Jahrzehnte nach Abbas Triumph in Brighton befördert ein Sieger-Pärchen aus Aserbaidschan die Stadt Baku ins ESC-Zentrum. Das soll in Europa liegen? Wie es da wohl aussieht? Pure Neugierde treibt Rösinger und ihre Reisegefährtin Frau Fiercke - die Nachbarin - an. Der Weg ist das Ziel, und so braucht das Hörbuch mehr als zwei Stunden, bis Baku endlich erreicht ist.

"Sagen wir mal so: Wem es in Dubai, Stuttgart oder Singapur gefällt, der wird auch hier alles super finden. Sind wir wirklich 4.800 Kilometer gefahren, um unter Kronleuchtern und Marmor-Unterführungen zu fahren und durch ausgestorbene Prachtstraßen mit leeren Dolce & Gabbana-, Dior-, Gucci-, Armani-Boutiquen zu gehen?"

Liebe wird oft überbewertet, heißt ein berühmter Song von Christiane Rösinger. Auch Reiseziele werden oft überbewertet. Nicht touristische Ortsbeschreibungen, sondern die kleinen Betrachtungen am Wegesrand im trocken-abgeklärten Rösinger-Sound sind die eigentlichen Höhepunkte. Wenn es um nervenzehrende Bemühungen geht, bei diversen Zitat: "verbrecherischen Autohändlern" in Brandenburg einen Kleinbus zu erwerben, oder um depressive Kellner in menschenleeren Hotel-Lobbys, oder um allgemein philosophische Betrachtungen übers Unterwegssein:

" ... denn das Rumfahren ist immer das Schönste. Die stille Grundtrauer, die den Melancholiker doch immer und überall begleitet, die lässt beim Fahren ein bisschen nach, denn man hat ja was zu tun , vorwärts kommen, Kilometer und Landschaften hinter sich lassen. Fahrend hat plötzlich alles ein bisschen mehr Sinn."

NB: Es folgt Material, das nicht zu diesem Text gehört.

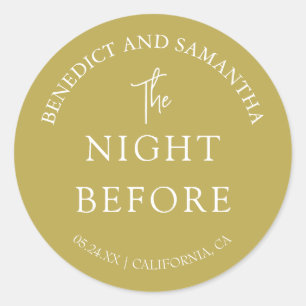 Simple Elegant The Night Before Rehearsal Dinner Classic Round Sticker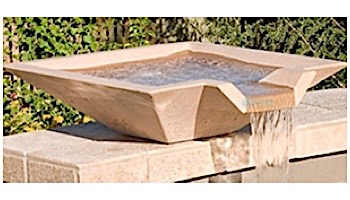 Water Scuppers and Bowls Riviera Spill Bowl | 30" Sand Smooth with Copper Scupper Insert | WSBRIV30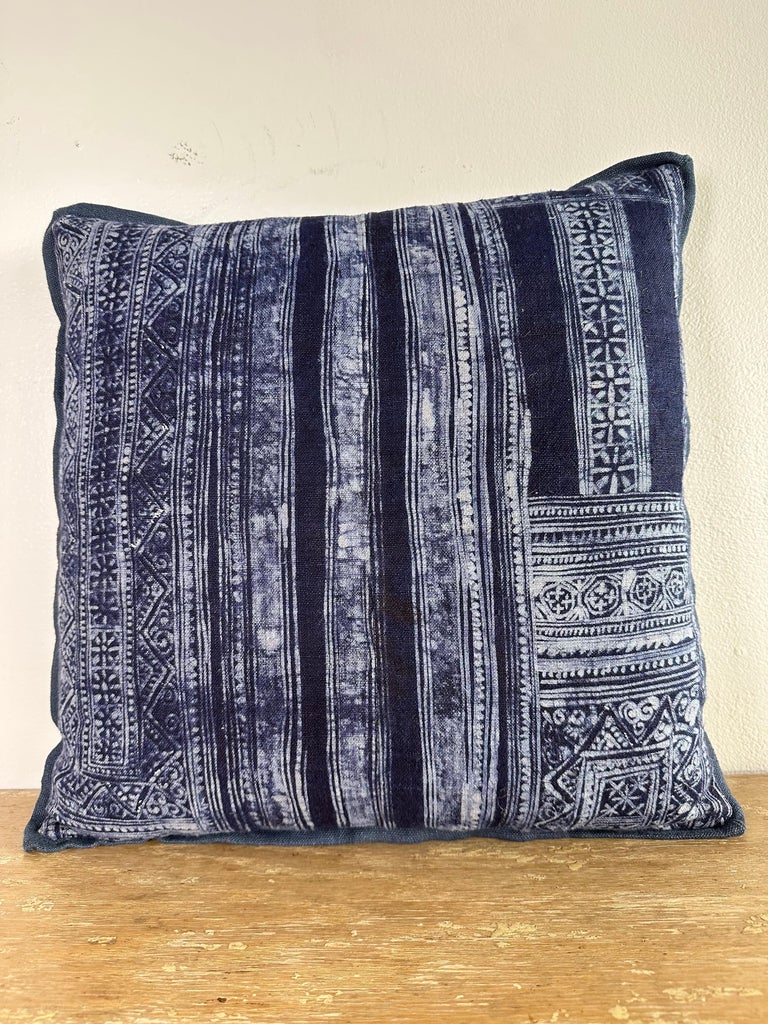 Indigo Batik Textile Pillow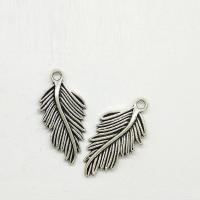 Tibetan Style Leaf Pendants, antique silver color plated, nickel, lead & cadmium free, 28x15x2.50mm, Hole:Approx 2mm, 100PCs/Bag, Sold By Bag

Serbien, die Türkei, Bulgarien Georgien ... je fremder die Bilder jenseits der Autoscheiben werden, desto intensiver kehrt Christiane Rösinger zurück in die eigene Biographie. Im Kapitel "Männer, die auf Ziegen starren" über stoische bulgarische Schafshirten erinnert sie sich an ihre Teenager-Traum, Schäferin zu werden – damals litt sie besonders stark an "Zivilisationsmüdigkeit".

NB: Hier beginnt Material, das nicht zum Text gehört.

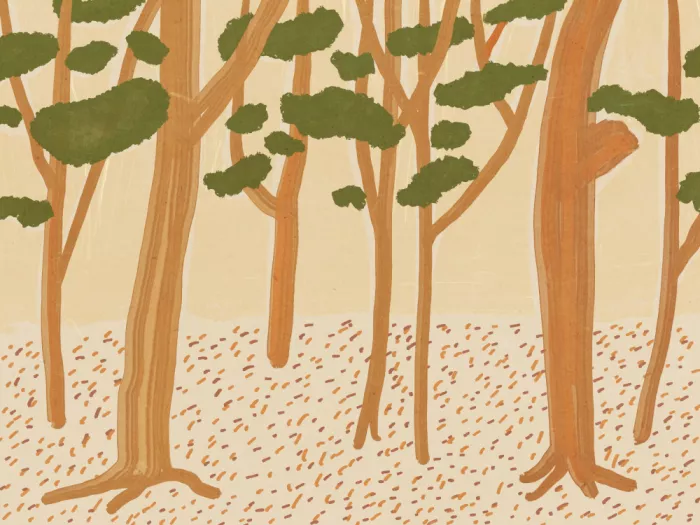 Dean, Little: Brown forest a landscape painting
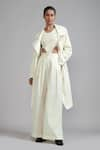 Buy_MATI_Off White 100% Cotton Lapel Collar Trench Jacket _Online_at_Aza_Fashions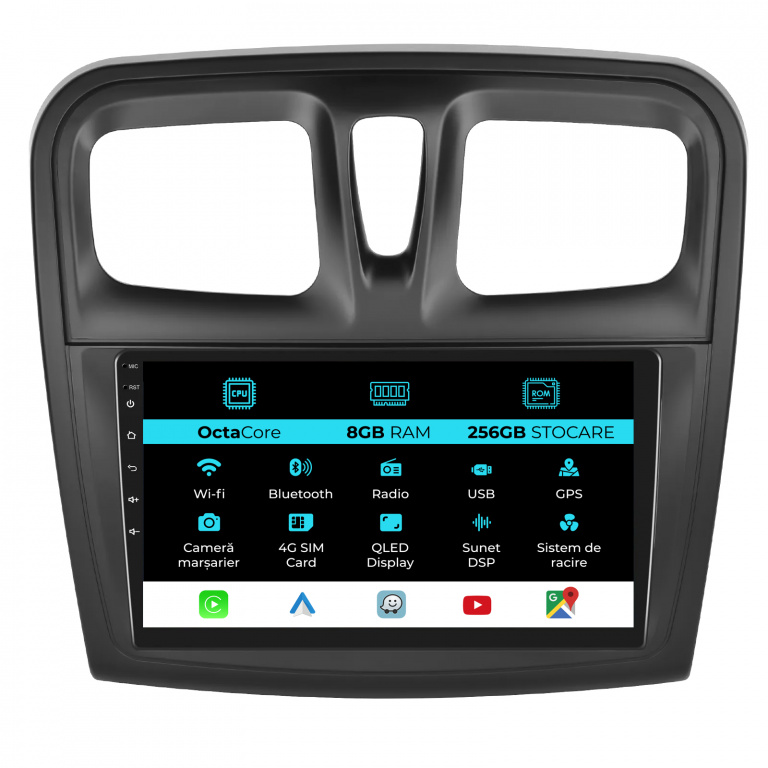 Navigatie Dedicata Dacia Logan Sandero (2012-2020), 9Inch, 8Gb Ram, 256Gb Stocare, Carplay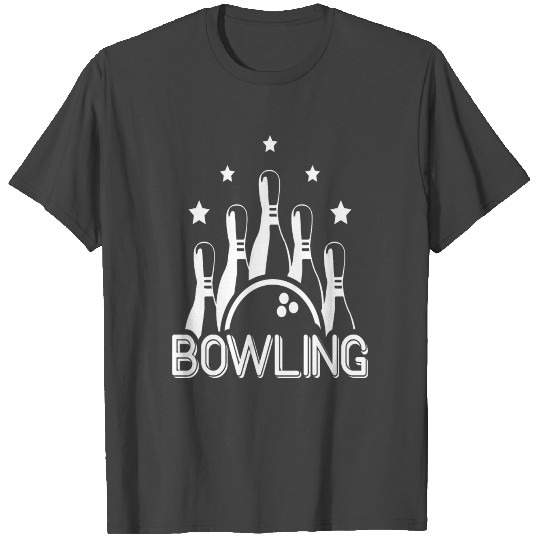 Bowling Skittles Ball Pins Lanes Strike Bowler Bow T Shirts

Das hat sich übrigens auch in der Gegenwart nicht groß geändert. Deshalb kommt Christiane Rösinger auf dieser Reise durch den wilden Osten, trotz eines enttäuschenden Ziels, unterwegs doch auf ihre Kosten – genau wie der geneigte Hörer, auch wenn leider kein einziger Takt Musik erklingt.

"Wir zählen auf, was wir schön finden am Kaukasus, das noch Unerschlossene, Unverbaute, nicht Verschandelte, Versesselliftete, Touristifizierte. Berge, die noch nicht zugebaut sind von Hotels, sondern die nackt und erhaben daliegen wie seit Urzeiten - oder die Szene, als eine Gruppe von Wildpferden die Straße entlanggaloppiert, im Hintergrund die hohen Berge ohne Spuren einer modernen Zivilisation."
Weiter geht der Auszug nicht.